Despite a comparable number of primary failures, older IBD patients treated for the first time with anti-TNF agents showed lower treatment persistence due to higher rates of secondary failure, adverse events, infections, and tumours than younger patients in the first year of follow-up. The reasons for this difference still remain unclear.
炎症性肠病(IBD)老年患者对肿瘤坏死因子(TNF)拮抗剂治疗的反应似乎较低,与年轻患者相比,并发症更为频繁。本研究的目的是评估老年患者(年龄≥60 岁)接受抗 TNF 治疗的持续性和安全性。
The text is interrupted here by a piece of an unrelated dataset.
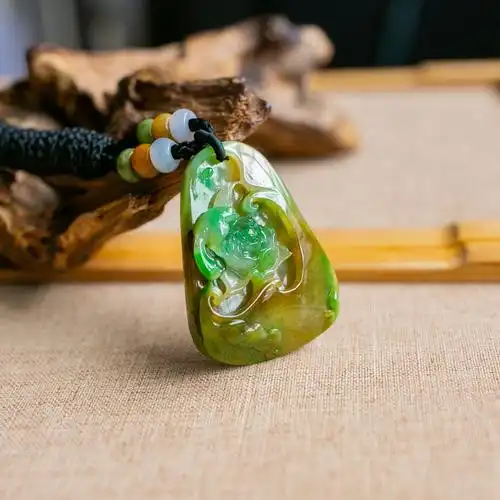 锦玉天然翡翠挂件花鸟黄加绿冰xwy1995颈饰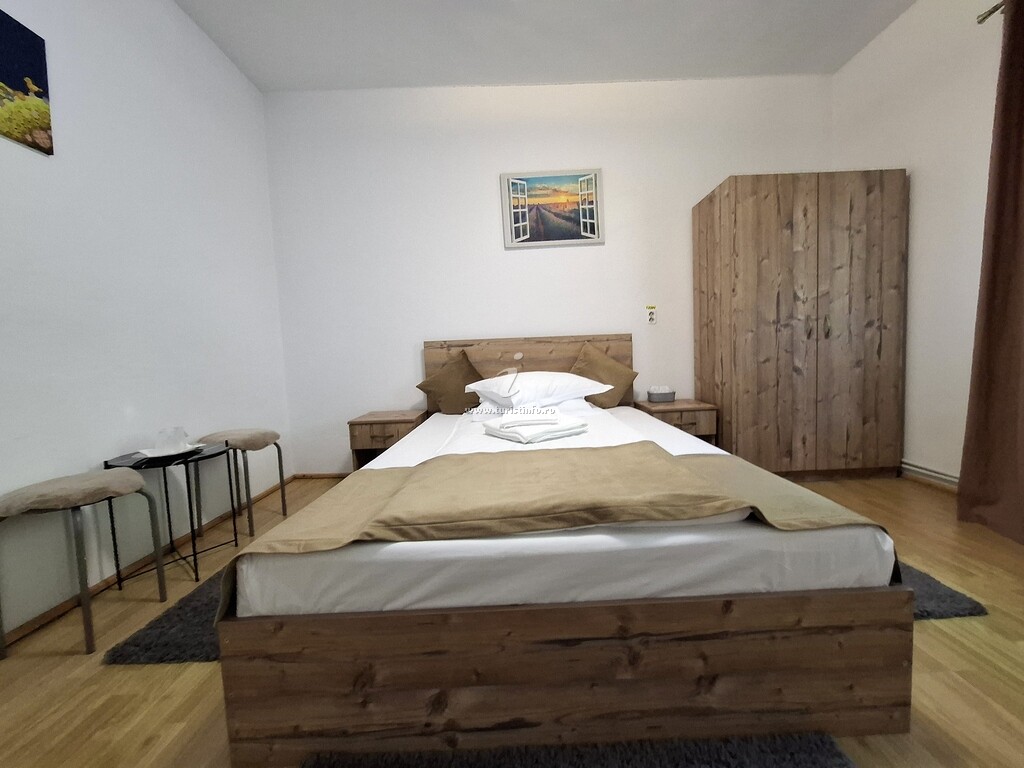 Camere de închiriat Casa Coraiu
我们回顾性地分析了西西里炎症性肠病网络(SN-IBD)的数据库,提取了首次接受抗 TNF 治疗的年龄≥60 岁的 IBD 患者和年龄<60 岁的对照组的数据。收集了治疗第一年的治疗持续性(主要目标)以及治疗中断的原因、合并疾病和治疗的数据。
我们确定了 114 名首次接受 TNF 拮抗剂治疗的年龄≥60 岁的抗 TNF 初治患者(中位年龄 64 岁,范围 60-80 岁;47 名男性),与 330 名年龄<60 岁的年轻对照组(中位年龄 39 岁,范围 18-59 岁;57 名男性)相比。患有克罗恩病的老年患者(n=73)在各种 TNF 拮抗剂治疗中(无论整体分析[P<0.001]还是静脉和皮下治疗分别分析)的持续性显著低于年轻对照组,而患有溃疡性结肠炎的老年患者(n=41)在联合使用各种 TNF 治疗时(P=0.004)和皮下治疗时的持续性较低。继发性失败、感染和肿瘤的发生率高于年轻对照组,但原发性失败的发生率则不然。
尽管原发性失败的发生率相当,但首次接受 TNF 拮抗剂治疗的老年 IBD 患者在第一年的随访中,由于继发性失败、不良事件、感染和肿瘤的发生率较高,治疗的持续性较低。这种差异的原因尚不清楚。